**Source material:**
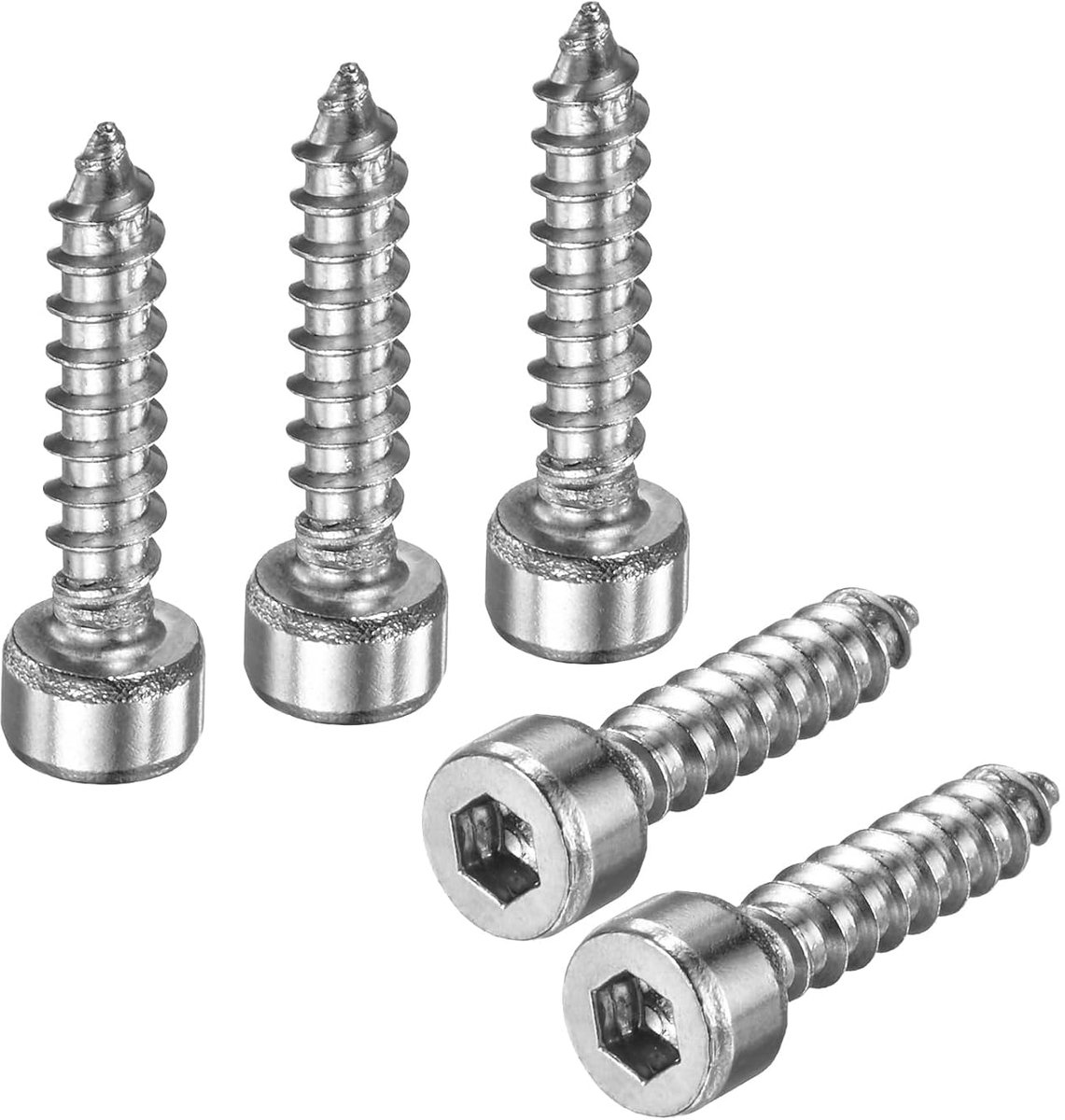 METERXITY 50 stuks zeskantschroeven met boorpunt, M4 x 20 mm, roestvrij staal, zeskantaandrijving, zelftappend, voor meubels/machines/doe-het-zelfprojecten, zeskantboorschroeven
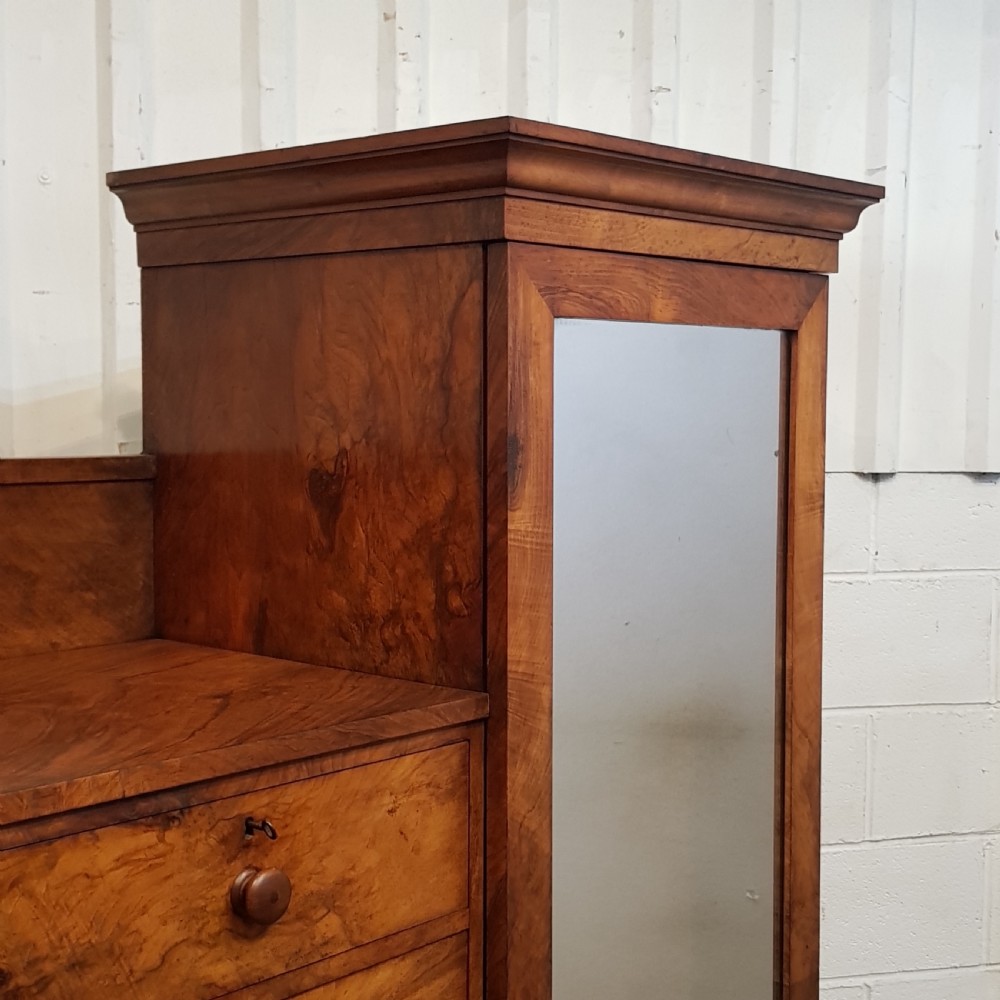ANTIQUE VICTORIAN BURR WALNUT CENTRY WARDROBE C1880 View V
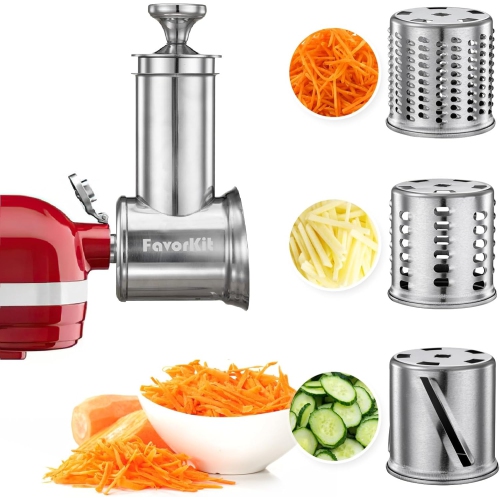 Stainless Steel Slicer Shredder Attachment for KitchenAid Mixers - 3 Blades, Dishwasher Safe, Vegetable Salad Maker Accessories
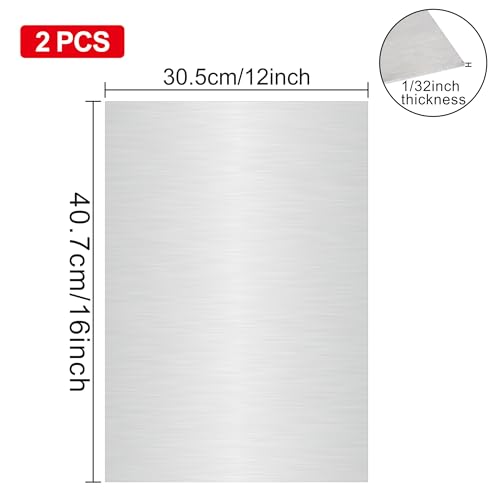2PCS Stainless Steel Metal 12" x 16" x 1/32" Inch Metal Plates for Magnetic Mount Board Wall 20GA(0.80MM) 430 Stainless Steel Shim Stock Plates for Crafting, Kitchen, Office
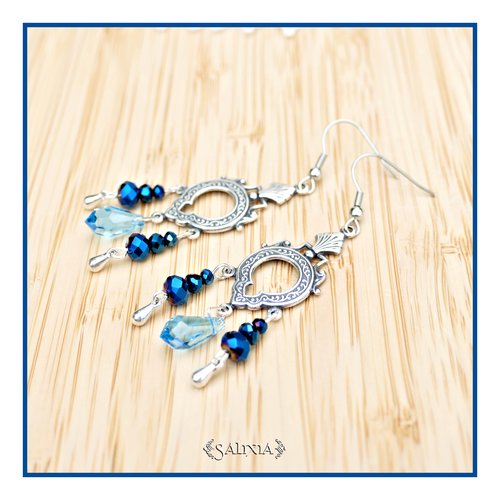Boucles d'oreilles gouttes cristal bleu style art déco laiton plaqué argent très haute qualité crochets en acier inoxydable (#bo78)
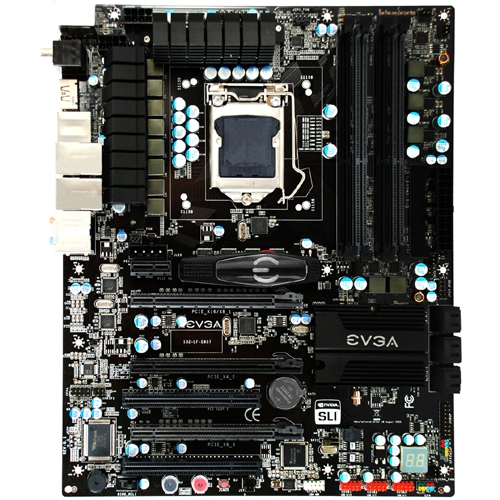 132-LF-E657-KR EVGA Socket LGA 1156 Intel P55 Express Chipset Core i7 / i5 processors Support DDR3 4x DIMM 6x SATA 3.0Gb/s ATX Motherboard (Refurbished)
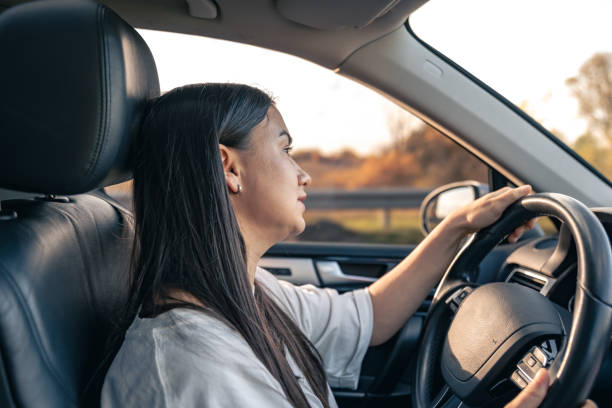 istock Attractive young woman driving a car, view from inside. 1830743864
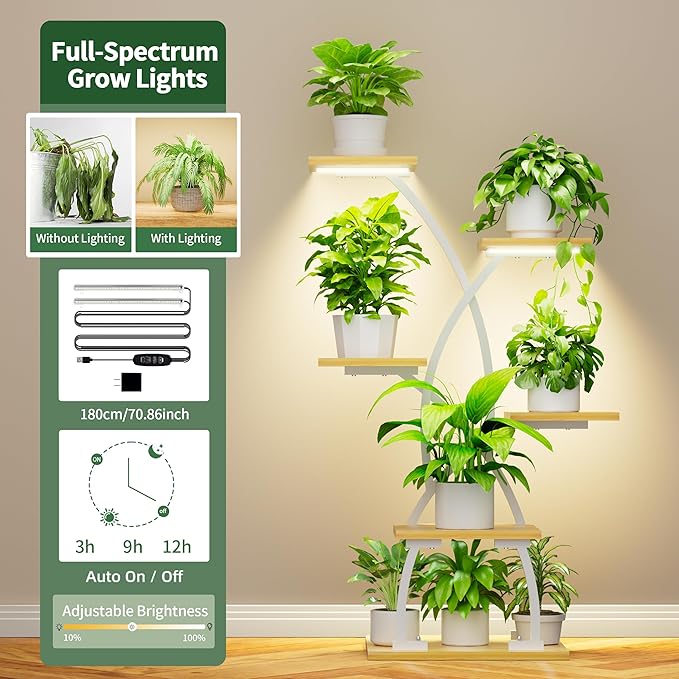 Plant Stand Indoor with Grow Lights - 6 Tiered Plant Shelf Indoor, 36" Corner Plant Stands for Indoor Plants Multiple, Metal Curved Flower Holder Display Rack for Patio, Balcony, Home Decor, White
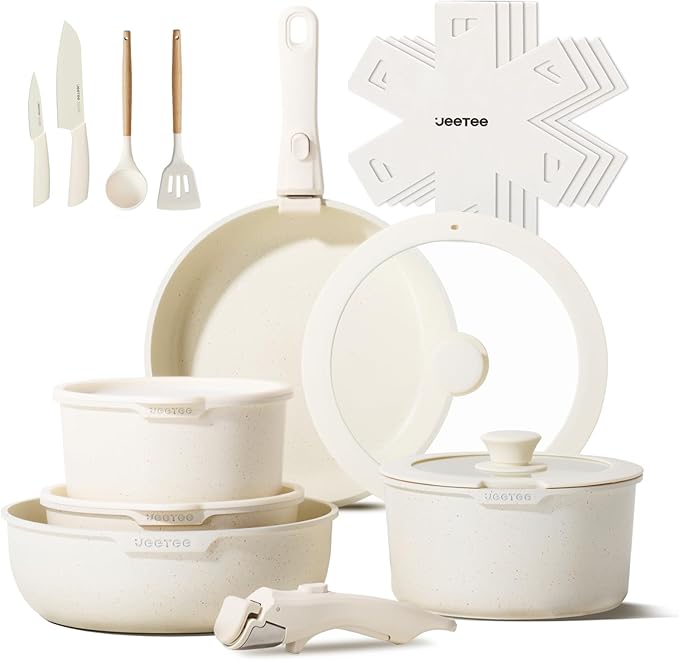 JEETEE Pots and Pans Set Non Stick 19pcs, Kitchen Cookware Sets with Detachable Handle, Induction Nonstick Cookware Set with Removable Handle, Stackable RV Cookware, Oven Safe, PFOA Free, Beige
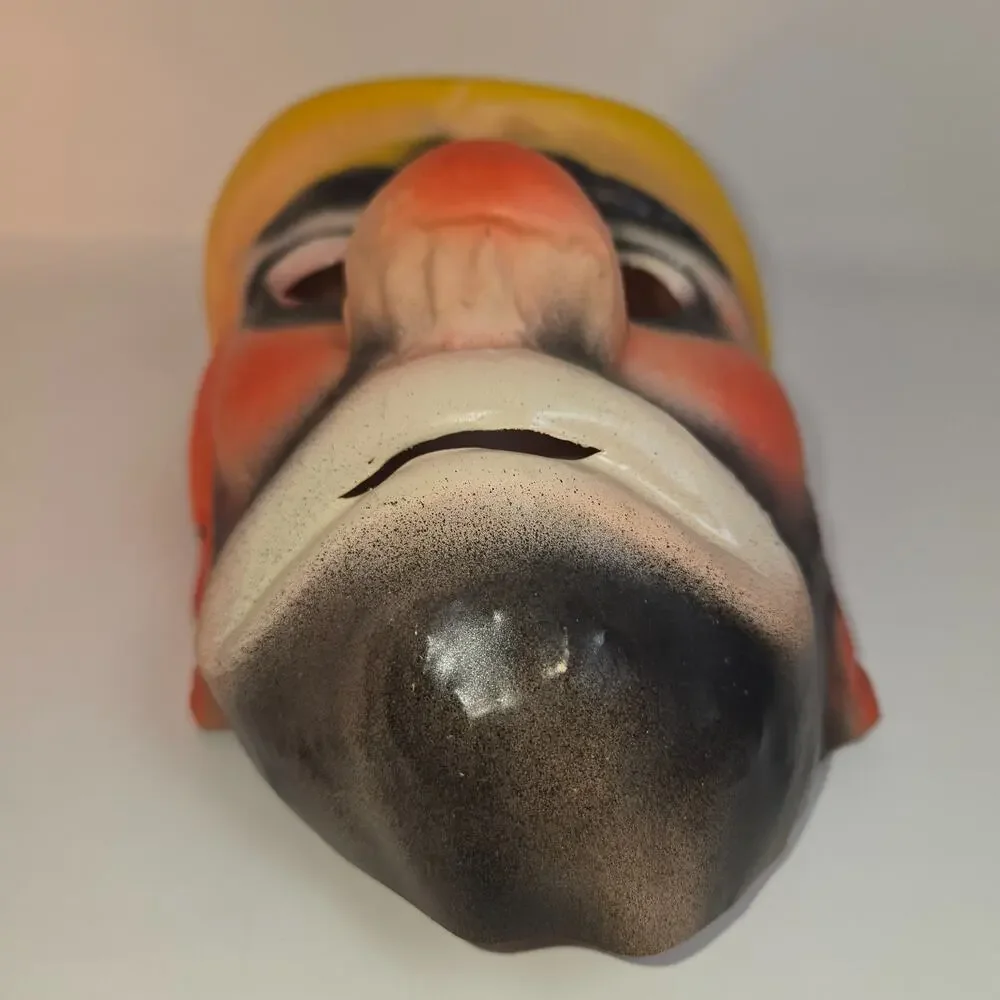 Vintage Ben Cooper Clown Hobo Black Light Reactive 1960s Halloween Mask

**Exercise directions:** Leaving every picture aside, reproduce exactly the lines above from the one with "2PCS Stainless Steel" up to and including the one with "istock Attractive young", and no others.

**Written solution:**
2PCS Stainless Steel Metal 12" x 16" x 1/32" Inch Metal Plates for Magnetic Mount Board Wall 20GA(0.80MM) 430 Stainless Steel Shim Stock Plates for Crafting, Kitchen, Office
Boucles d'oreilles gouttes cristal bleu style art déco laiton plaqué argent très haute qualité crochets en acier inoxydable (#bo78)
 132-LF-E657-KR EVGA Socket LGA 1156 Intel P55 Express Chipset Core i7 / i5 processors Support DDR3 4x DIMM 6x SATA 3.0Gb/s ATX Motherboard (Refurbished)
 istock Attractive young woman driving a car, view from inside. 1830743864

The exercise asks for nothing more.